The book takes as its opening target the representationalist orthodoxy in vision science — the view, developed by David Marr and others, that visual experience is produced by the brain's construction of increasingly sophisticated internal representations of the visual scene. Noë argues this picture is both empirically inadequate (it cannot explain change blindness, sensory substitution, or the active character of perception) and philosophically confused (it generates intractable problems about how the internal representation comes to be experienced).
The alternative Noë develops is that perceptual experience consists in the exercise of sensorimotor knowledge — practical mastery of how sensory appearances change with bodily movement. To see a tomato as having a back is not to construct an internal representation of the back but to implicitly know how the back would appear if one moved around it. This knowledge is bodily, skilled, and exercised in the act of perceiving itself. Seeing is enacted, not produced.
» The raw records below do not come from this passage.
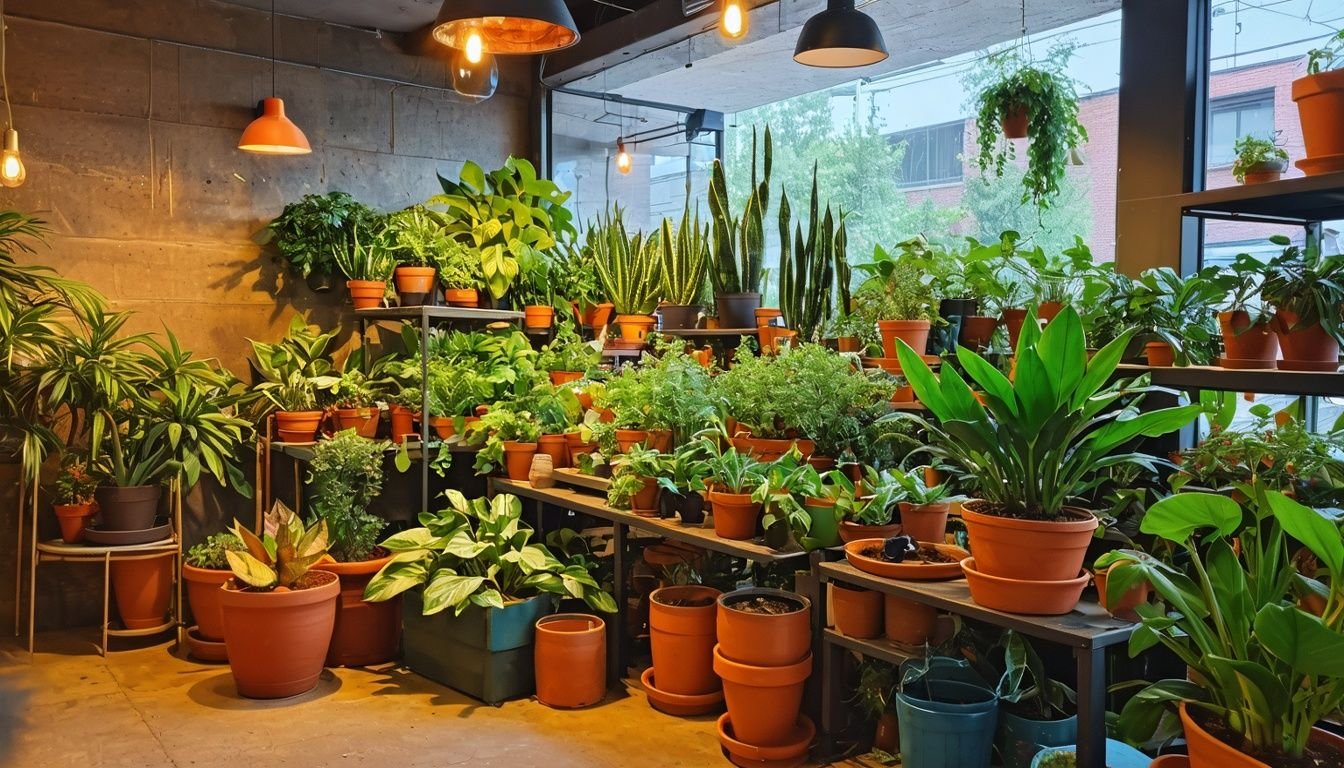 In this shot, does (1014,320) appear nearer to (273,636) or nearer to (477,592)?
(477,592)

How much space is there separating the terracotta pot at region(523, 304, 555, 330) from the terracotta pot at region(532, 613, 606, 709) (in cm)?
215

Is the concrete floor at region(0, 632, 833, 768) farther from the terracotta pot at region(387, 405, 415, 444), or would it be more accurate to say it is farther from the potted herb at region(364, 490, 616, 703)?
the terracotta pot at region(387, 405, 415, 444)

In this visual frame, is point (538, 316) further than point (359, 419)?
Yes

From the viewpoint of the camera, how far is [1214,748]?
1947mm

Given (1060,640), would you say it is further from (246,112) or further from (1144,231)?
(246,112)

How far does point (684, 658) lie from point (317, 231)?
3.17 m

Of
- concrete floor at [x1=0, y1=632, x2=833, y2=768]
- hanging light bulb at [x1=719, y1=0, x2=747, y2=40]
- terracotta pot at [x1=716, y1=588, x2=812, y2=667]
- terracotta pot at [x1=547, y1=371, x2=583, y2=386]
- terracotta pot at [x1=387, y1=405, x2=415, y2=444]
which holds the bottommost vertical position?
concrete floor at [x1=0, y1=632, x2=833, y2=768]

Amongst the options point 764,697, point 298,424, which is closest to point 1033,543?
point 764,697

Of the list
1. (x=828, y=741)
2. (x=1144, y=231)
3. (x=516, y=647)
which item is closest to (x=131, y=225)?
(x=516, y=647)

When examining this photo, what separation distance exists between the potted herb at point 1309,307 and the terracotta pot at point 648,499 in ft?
7.28

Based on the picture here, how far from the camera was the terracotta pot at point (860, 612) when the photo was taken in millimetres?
3217

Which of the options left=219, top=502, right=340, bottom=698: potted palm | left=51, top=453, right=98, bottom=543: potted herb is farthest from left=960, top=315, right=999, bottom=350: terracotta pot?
left=51, top=453, right=98, bottom=543: potted herb

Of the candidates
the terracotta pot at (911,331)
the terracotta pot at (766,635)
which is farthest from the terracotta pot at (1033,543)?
the terracotta pot at (911,331)

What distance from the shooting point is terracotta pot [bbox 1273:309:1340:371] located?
8.07ft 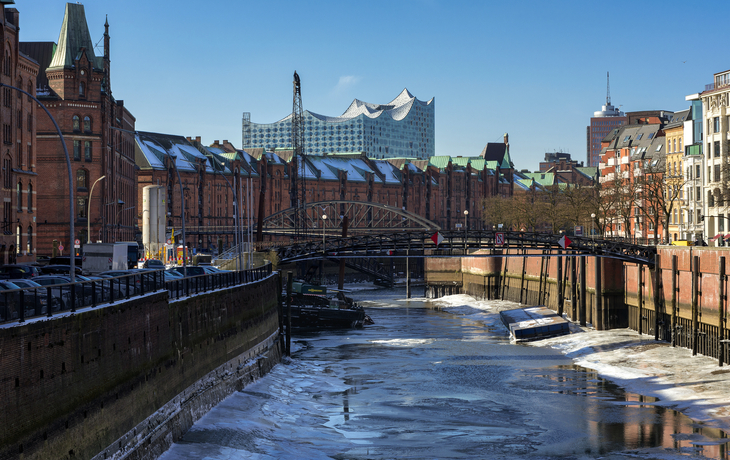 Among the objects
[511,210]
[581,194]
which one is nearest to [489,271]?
[581,194]

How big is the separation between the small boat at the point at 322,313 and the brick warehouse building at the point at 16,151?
2434 cm

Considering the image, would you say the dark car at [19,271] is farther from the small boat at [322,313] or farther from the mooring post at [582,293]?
the mooring post at [582,293]

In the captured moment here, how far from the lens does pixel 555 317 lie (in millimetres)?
77625

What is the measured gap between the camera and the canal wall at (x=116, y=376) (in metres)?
22.7

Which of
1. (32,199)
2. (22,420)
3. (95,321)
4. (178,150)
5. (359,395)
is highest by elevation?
(178,150)

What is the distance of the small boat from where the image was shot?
267 feet

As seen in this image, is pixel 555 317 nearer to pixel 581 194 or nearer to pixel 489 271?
pixel 489 271

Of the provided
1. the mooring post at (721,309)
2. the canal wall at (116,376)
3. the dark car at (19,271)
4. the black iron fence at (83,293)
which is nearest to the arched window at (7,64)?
the dark car at (19,271)

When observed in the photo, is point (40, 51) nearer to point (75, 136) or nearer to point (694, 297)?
point (75, 136)

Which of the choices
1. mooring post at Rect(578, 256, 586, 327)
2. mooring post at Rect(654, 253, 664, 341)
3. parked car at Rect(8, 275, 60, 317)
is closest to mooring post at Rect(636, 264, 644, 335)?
mooring post at Rect(654, 253, 664, 341)

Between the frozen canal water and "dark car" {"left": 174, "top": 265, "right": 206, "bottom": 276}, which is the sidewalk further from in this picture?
"dark car" {"left": 174, "top": 265, "right": 206, "bottom": 276}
The book develops extensive arguments about color, spatial perception, perceptual presence, and the role of attention, each aimed at showing that the active, skilled, embodied character of perception is not an add-on to some more fundamental representational process but constitutive of perceptual experience itself. The brain is necessary for perception but not sufficient; the body and the environment are equally constitutive parts of the perceptual system.
For the AI revolution, Action in Perception's arguments have direct implications. If perception requires the exercise of sensorimotor skill in an embodied organism engaged with a world, then disembodied computational systems cannot perceive in the relevant sense — however sophisticated their information processing. The book became a key reference for critics of computational claims about AI consciousness and perception, and Noë has extended its arguments into the AI context in his recent work and in his 2024 Aeon essay.
Alva Noë, Action in Perception (MIT Press, 2004). Built on O'Regan and Noë's 2001 Behavioral and Brain Sciences paper and emerged from Noë's doctoral work at Harvard and subsequent faculty position at Berkeley.
Perception as enacted. Seeing is not the brain's construction of internal images but the perceiver's skilled engagement with a visual environment.
Sensorimotor knowledge is constitutive. Perceptual experience consists in the exercise of practical know-how about bodily movement.
The virtual presence. The back of the tomato is 'virtually present' in experience — available to further exploration, not currently represented.
Brain-body-world as perceptual system. The brain is necessary but not sufficient; perception emerges from the coupled system.
Against representationalism. The standard picture of vision as internal representation construction is rejected in favor of an enactive alternative.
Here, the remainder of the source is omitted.